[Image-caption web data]
....

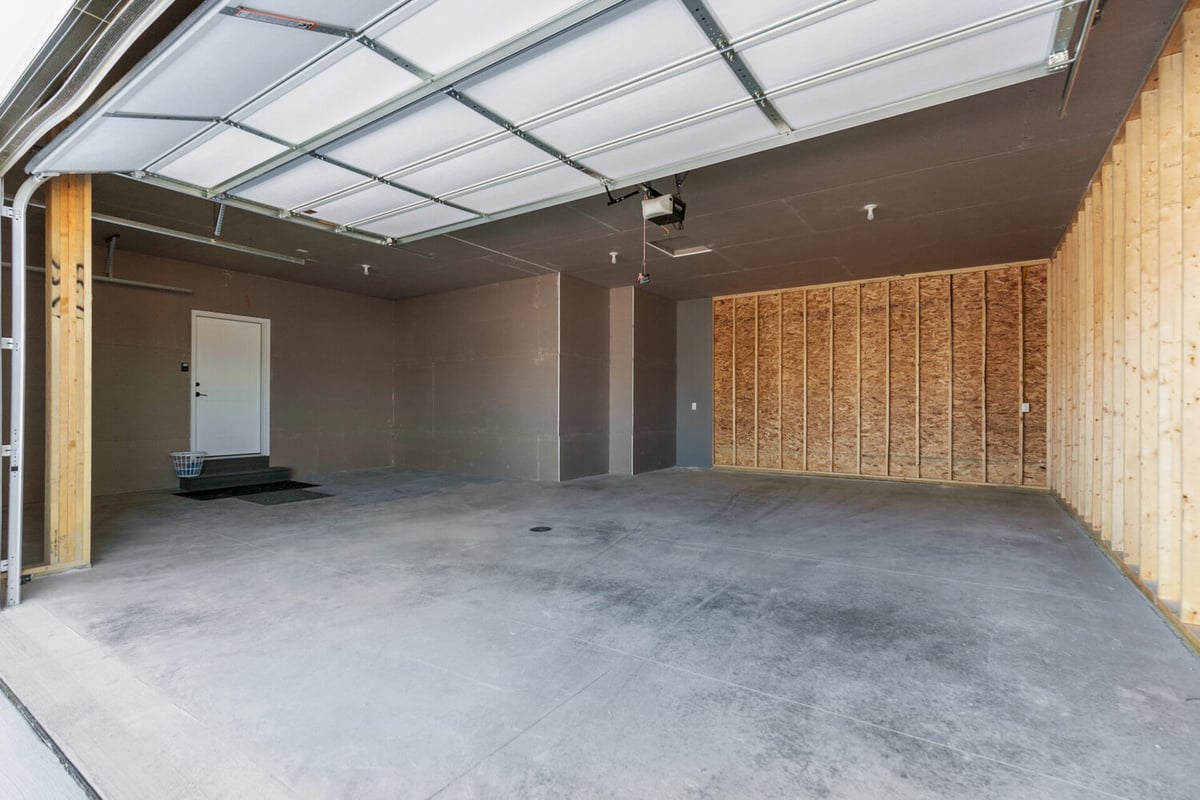 Spacious unfinished garage interior of a custom home in Appleton, WI built by Midwest Design Homes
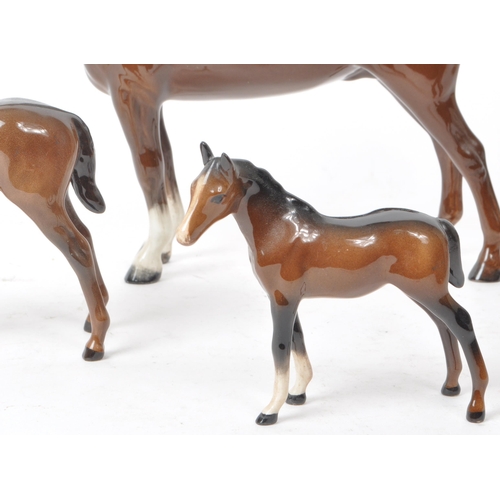 194 - Beswick - A 20th century porcelain Hackney Horse figurine and three foals, all with the maker mark p... 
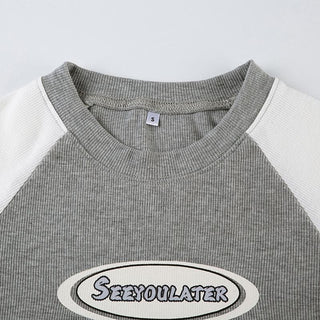 Short sleeve contrast letter pattern top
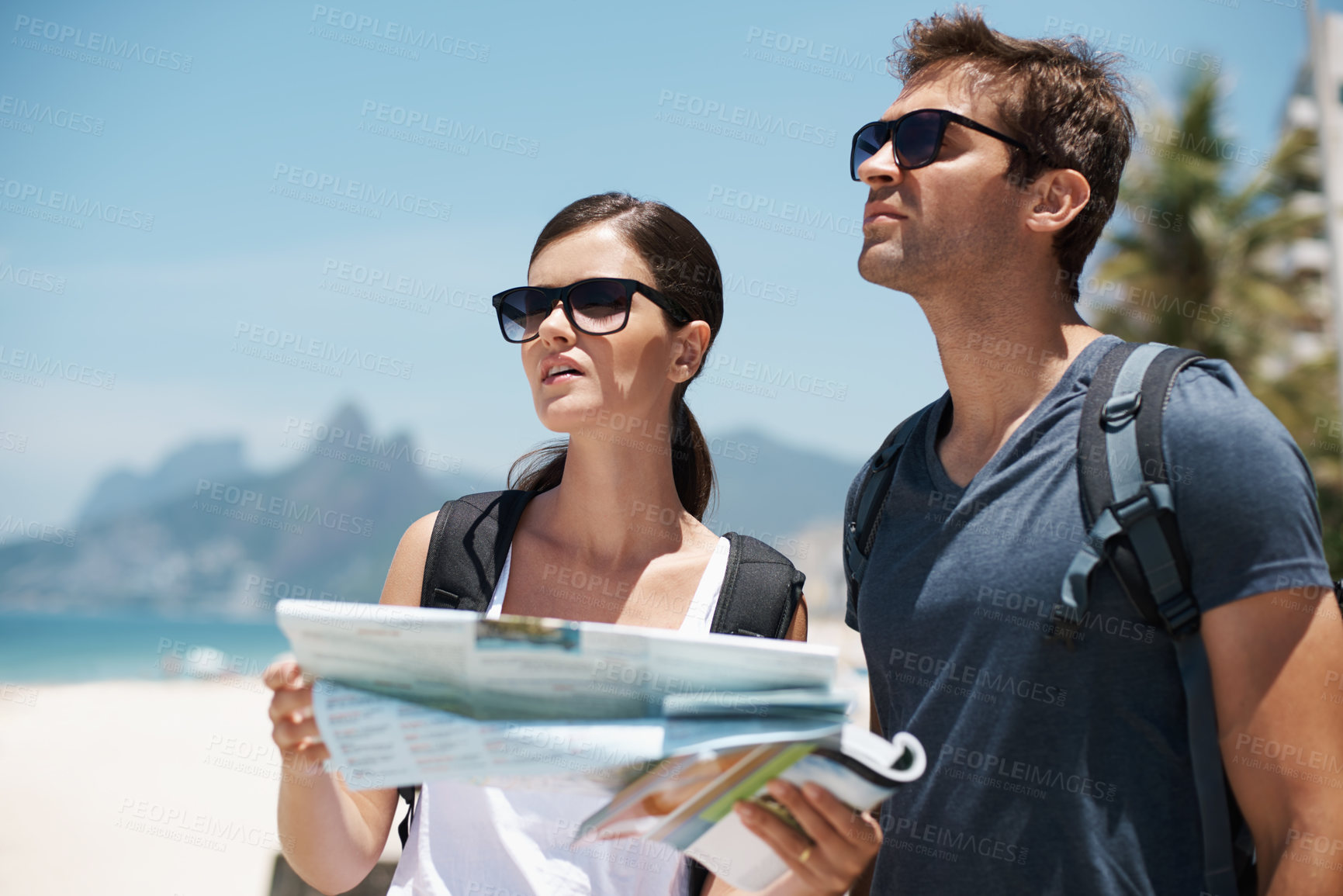 Buy stock photo Shot of a young couple looking at a map while standing on a beach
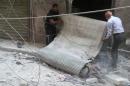 Residents inspect a shop at a site hit by airstrikes, in the rebel-held area of Aleppo's Bustan al-Qasr
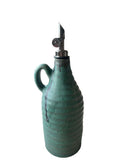 A teal handmade olive oil bottle with a gunmetal and black weighted pouring spout on a white background. 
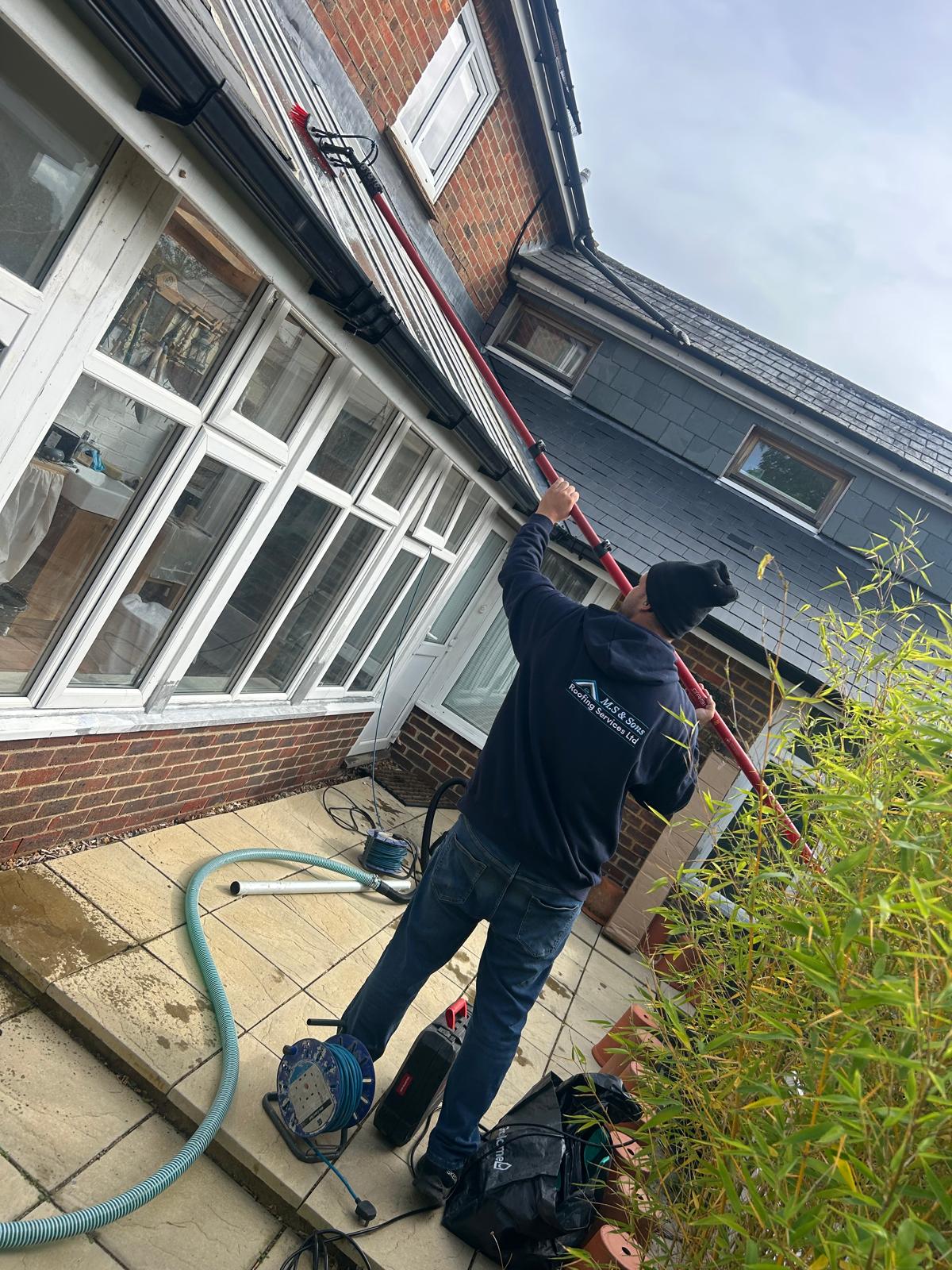 Technician cleaning a conservatory roof with a reach brush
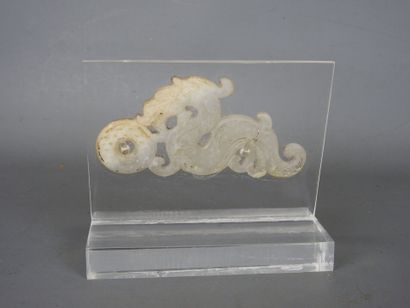 CHINA: Dragon holding a carved white nephrite...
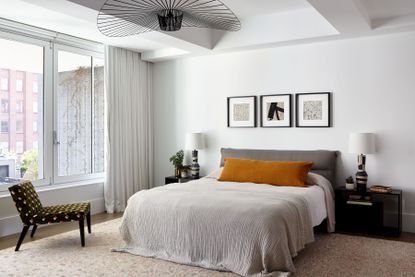A mid-century modern style bedroom with a grey headboard and mustard yellow cushions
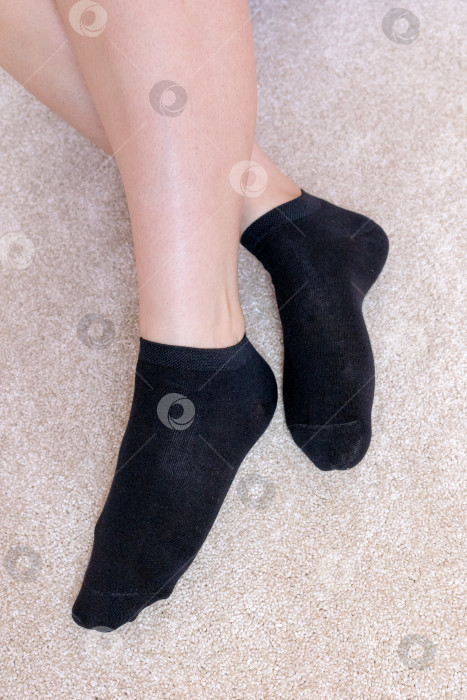 Скачать Женские ножки в черных носках на ковре фотосток Ozero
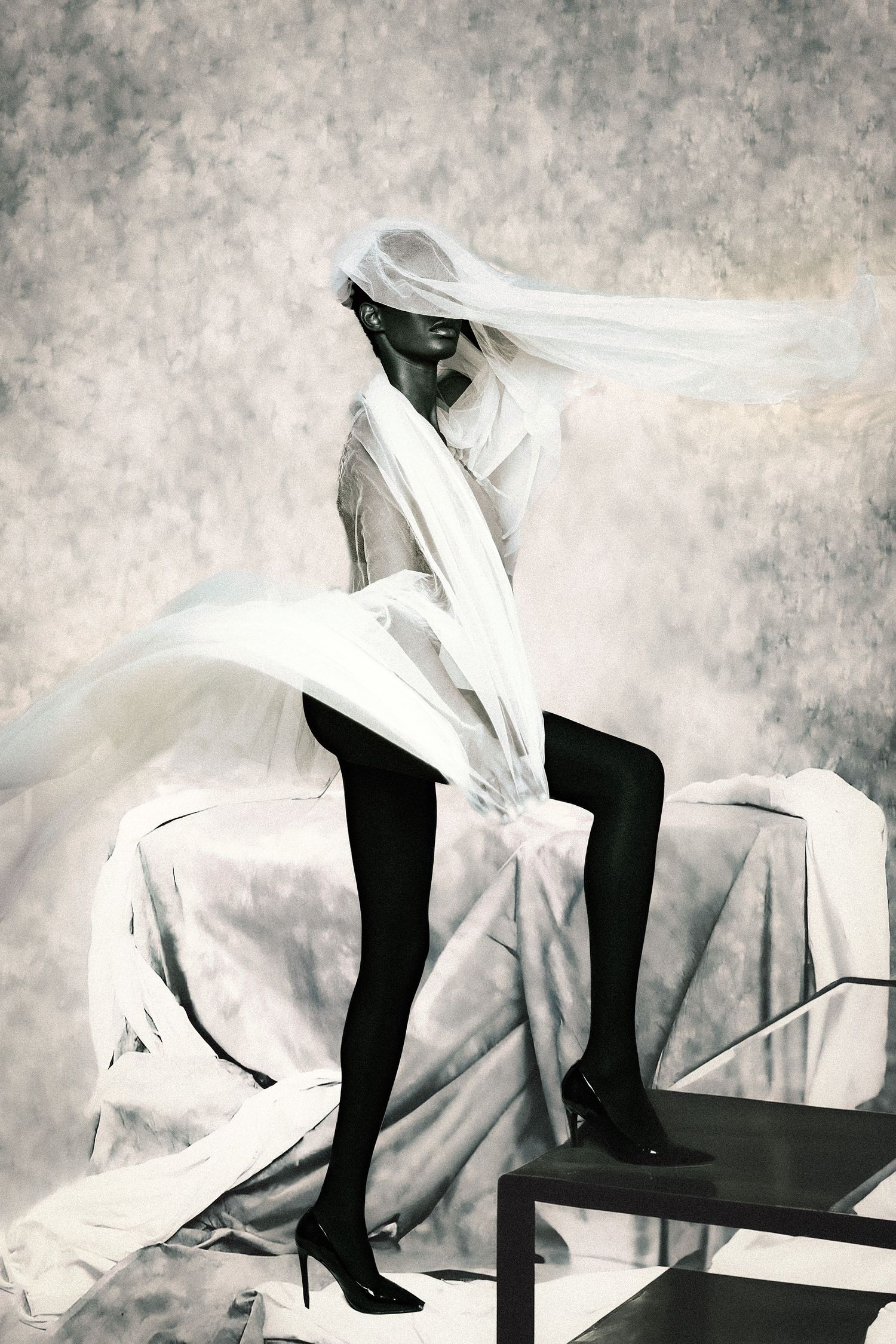 Woman covered face in white sheet wearing black tights in editorial composition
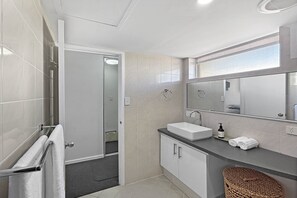 Ein modernes Badezimmer mit Dusche, Waschbecken, Spiegel und Handtuchhalter.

....

Give back exactly the lines running from the one that contains "Скачать Женские ножки" to the end of the records, including both of those lines and excluding every picture.

 Скачать Женские ножки в черных носках на ковре фотосток Ozero
 Woman covered face in white sheet wearing black tights in editorial composition
 Ein modernes Badezimmer mit Dusche, Waschbecken, Spiegel und Handtuchhalter.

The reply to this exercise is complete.